You and I are children of God! We have an assurance that we have, at this very moment and in this very place, eternal life. Because we have this assurance that our faith and action give us, we now can approach God in prayer with boldness, interceding for our brothers and sisters so that they might grow in Christlikeness, avoiding sin. When they do fall into sin, we pray with boldness that the one who is in us who is greater than the one who is in the world will rescue them from that sin, restoring them to wholeness.

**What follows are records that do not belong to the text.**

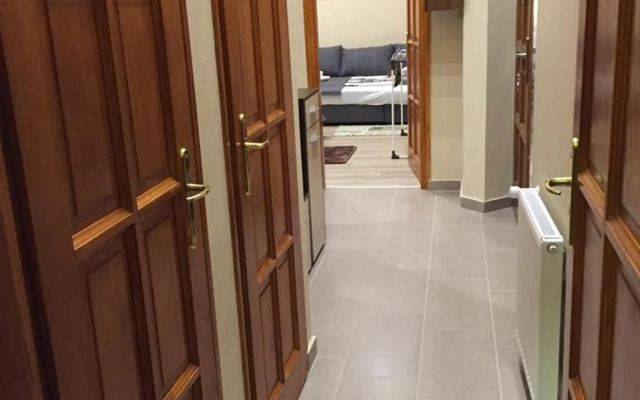 Apartment Near Opera in Downtown Budapest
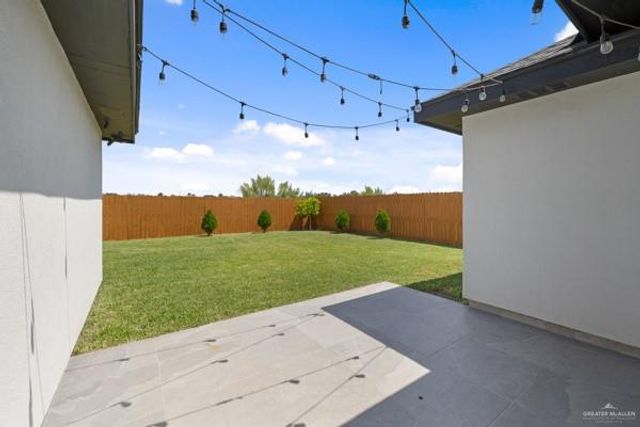 2721 Garman Street, Edinburg, TX 78542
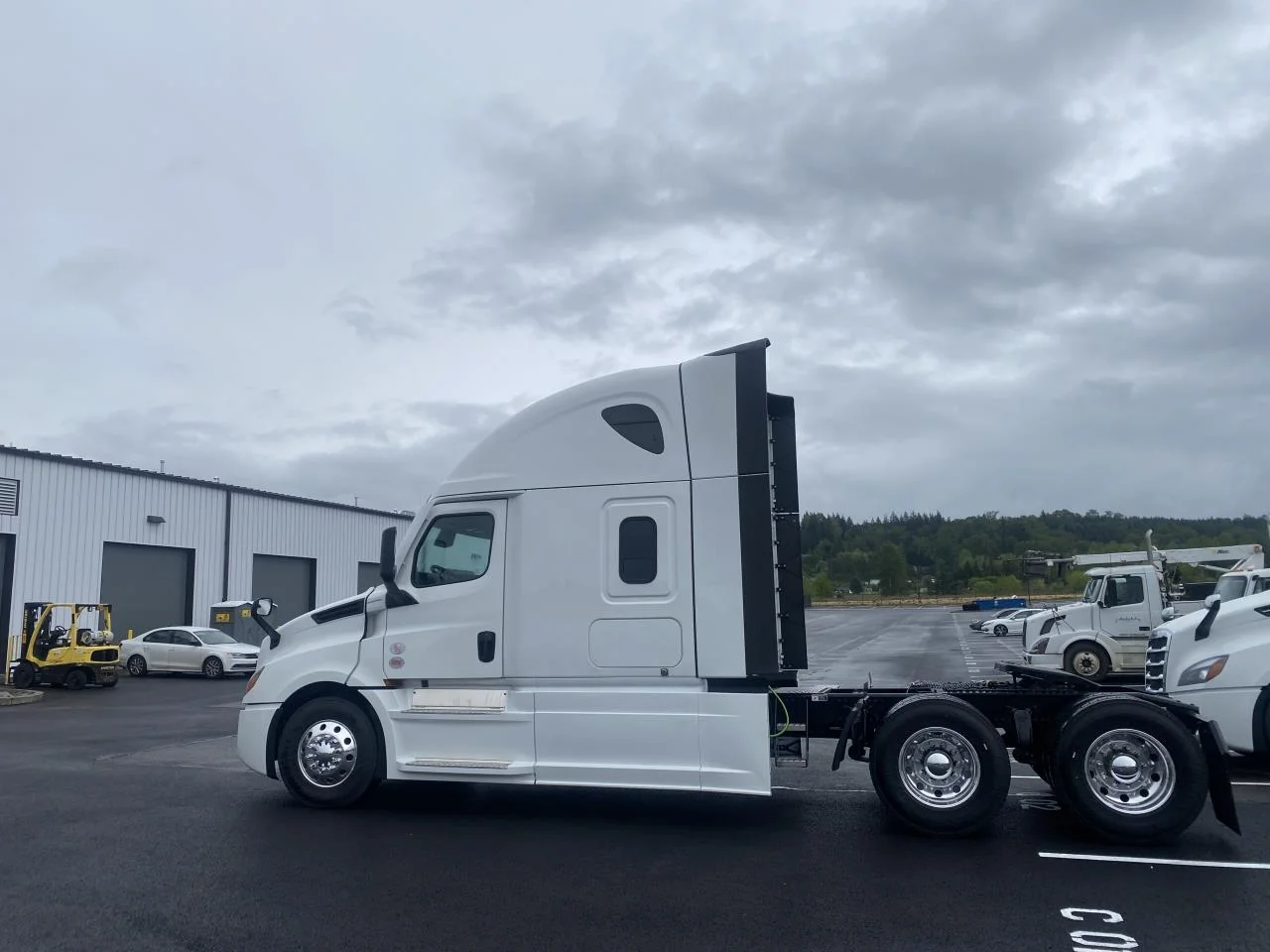2027 Freightliner Cascadia - image 4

We are in this thing together. It is our job, as a community of faith, to confess that Jesus Christ is Lord and to help each other grow in our understanding of right belief. If we do not struggle together in our attempts to rightfully articulate and live our beliefs, then we will not be able to struggle with one another in prayer and in accountability through the power of the Spirit to avoid sin. We confess our orthodox faith in the fully human and fully divine Jesus Christ through our constant love and care for our neighbor and brother and sister in Christ. This faith leads us to pray with boldness for our brothers and sisters in Christ.


Practically speaking, entering into a relationship with a few select individuals to pray for one another is one of the best ways to live out the faith that John is describing.


Discussion Questions

Read the text aloud. Then, read the text to yourself quietly. Read it slowly, as if you were very unfamiliar with the story.

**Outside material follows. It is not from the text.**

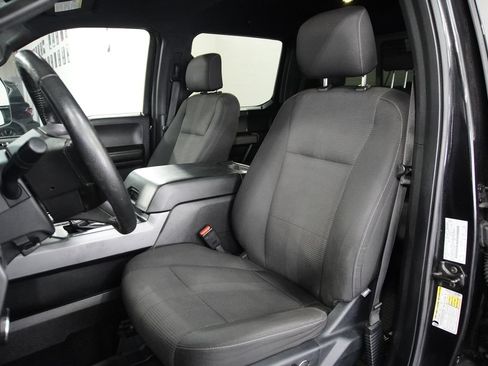 Used 2015 Ford F150 XLT w/ Equipment Group 302A Luxury AWD/4WD image 11
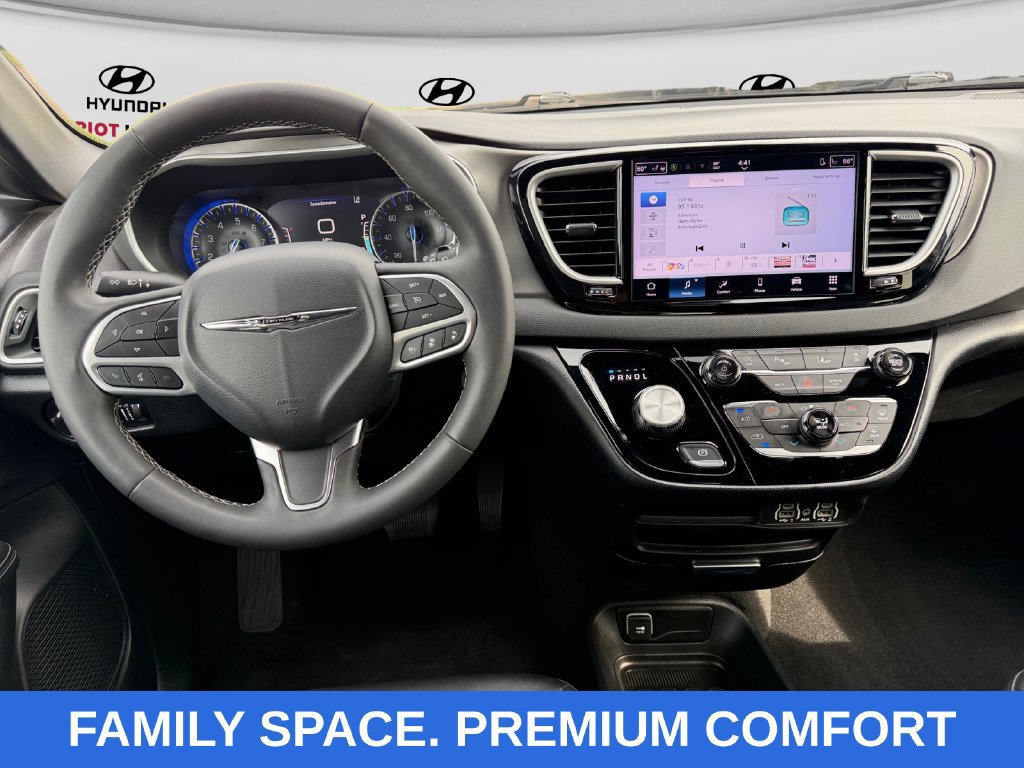 Used 2025 Chrysler Pacifica Select FWD image 10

  1. John begins his epilogue by stating that he writes all of these things so that they might “know that you have eternal life.” Why might John’s hearers doubt the fact that they have eternal life?

  2. The language of the phrase “know that you have eternal life” is present and active, not future. What does it mean that we currently have eternal life? How might this be different than you’ve previously understood it?

  3. Because we are children of God we have assurance that we have eternal life. John says this gives us boldness in prayer. How do our prayers have to be offered in order for them to be favorably heard?

  4. John’s main concern regarding prayer is our prayers for our brothers and sisters so that they might resist and recover from sin. What are the two types of sin John mentions? How do they differ? John does not offer a list of sins that are mortal and those that are not. Why doesn’t he give us a list?

  5. Why is John so concerned with our prayer for others to resist sin? What kind of role do we have in helping each other resist and recover from sin? What specific things might we do?

  6. Often, our prayers center on physical needs. How often do you pray for others’ spiritual needs?






Works CitedI. Howard Marshall, The Epistles of John, (Grand Rapids: Wm. B. Eerdmans Publishing Co., 1978).